Kisah Cinta Melankolis Berpadu dengan Kisah Sejarah yang Memilukan
Kisah sebetulnya berpusat pada interaksi antara dua karakter utama, Yun Ling dan Arimoto. Namun hal tersebut merupakan perkembangan objektif dari niat awal Yun Ling yang sebetulnya hanya ingin membuat taman Jepang untuk mengenang adik perempuannya. Perkembangan hubungan antara Yun Ling dan Arimoto memang termasuk cepat. Namun, jika berekspektasi tentang hubungan asmara dengan adegan dan dialog yang romantis, TGOEM tidak terlalu menampilkan materi tersebut. Hubungan asmara yang terjadi pasca perang masih meninggalkan luka yang membuat setiap karakter berada dalam kondisi trauma. Kisah cinta yang hendak disampaikan bukan cinta yang eros dan intim, namun lebih ke pengertian dan pesan tersembunyi yang tak lekang oleh waktu.
Masa lalu Yun Ling dan adiknya di kamp konsentrasi Jepang menjadi materi sejarah pilu yang membalut kisah ini. Memberikan kita sedikit informasi tentang kekejaman tentara Jepang saat Perang Dunia II dan menjadi salah satu bekal pembentukan karakter Yun Ling. Sayangnya, karakter Arimoto masih kurang dieksplorasi latar belakangnya. Kita hanya mendapatkan sedikit informasi tentang karakter utama satu ini. Membuat kita mempertanyakan, apa yang dilihat Yun Ling dari sosok Arimoto yang baru saja Ia temui. Terlebih lagi pria ini berdarah Jepang, kaum yang menorehkan luka besar secara fisik maupun batin pada Yun Ling.

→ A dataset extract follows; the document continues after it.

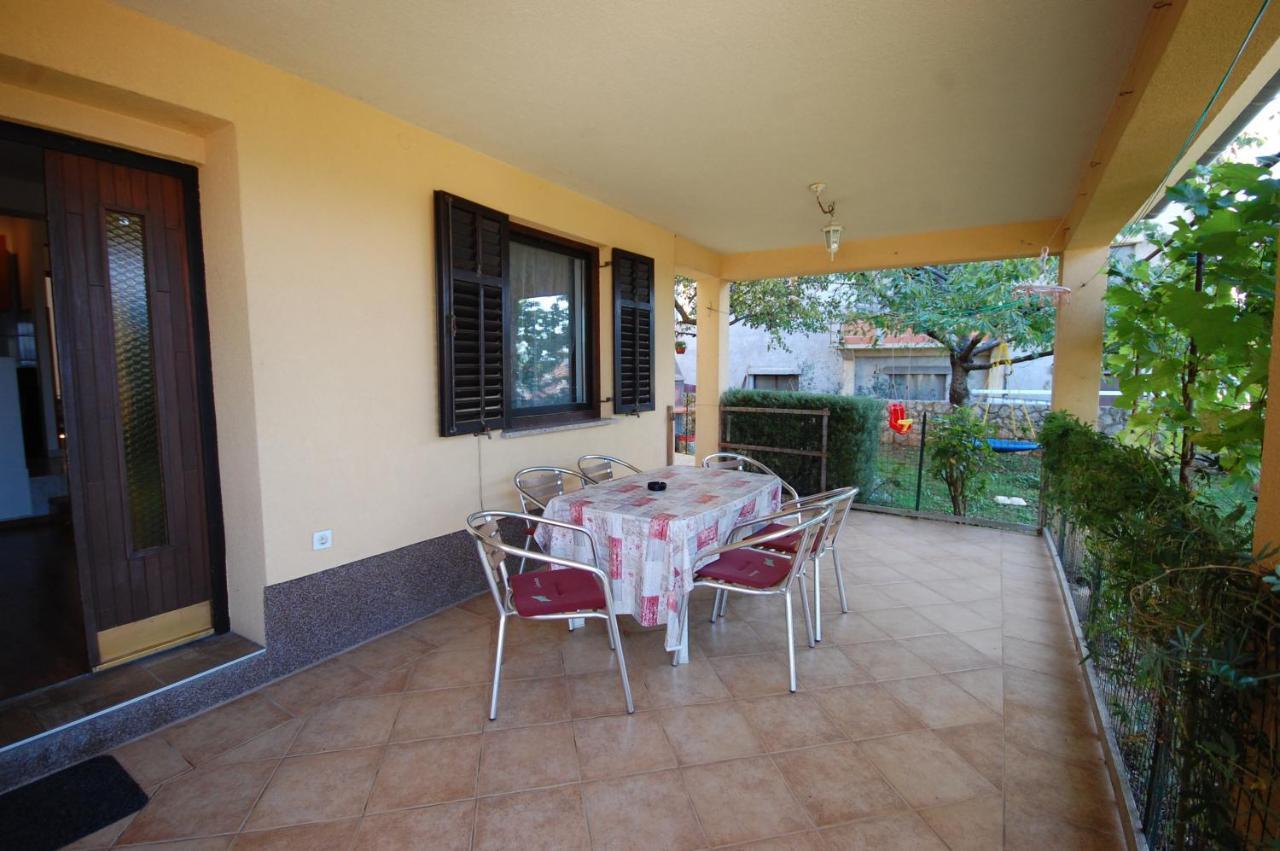 Apartments Snjezana By El-Pi Tours Njivice Dış mekan fotoğraf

Plot Hole dan Editing Latar Waktu yang Kurang Rapih
Seperti yang telah disebutkan, penyiksaan yang diterima oleh Yun Ling dan adiknya menjadi salah satu materi sejarah yang cukup menonjol dalam kisah ini. Kisah juga diawali dengan banyak dialog seputar situasi pasca perang, bagaimana orang Jepang mengambil sikap setelah perang berakhir, hingga tentara-tentara ulung yang sekedar mencari keuntungan bagi dirinya sendiri. Namun, sebagaian besar dari alur ini menciptakan plot hole yang tidak dijelaskan terlalu dalam.
Perkembangan plot secara keseluruhan juga kurang menarik pada beberapa bagian karena eksekusi editing yang kurang sempurna. TGOEM merupakan film dengan tiga latar waktu; Perang Dunia II, masa pasca perang, dan Yun Ling di masa tuanya yang berusaha menemukan kembali makna dari hubungannya dengan Arimoto di masa lalu. Butuh waktu beberapa saat hingga akhirnya kita paham bahwa film ini memiliki alur maju mundur.
Editing adegan dari setiap latar waktu juga disempatkan dengan kurang rapih. Ada beberapa adegan yang memang sangat menarik dan menimbulkan ketegangan, namun ada juga yang terasa membingungkan, repetitive, dan sekedar disematkan.
Secara keseluruhan, The Garden of Evening Mists merupakan film drama yang memiliki produksi ambius dan maksimal. Namun, eksekusi ceritanya mungkin tidak akan memenuhi ekspektasi penonton setelah melihat label ‘historical romance’. The Garden of Evening Mists akan segera tayang di HBO pada 13 September 2020 mendatang. Bisa juga streaming film ini di HBO GO.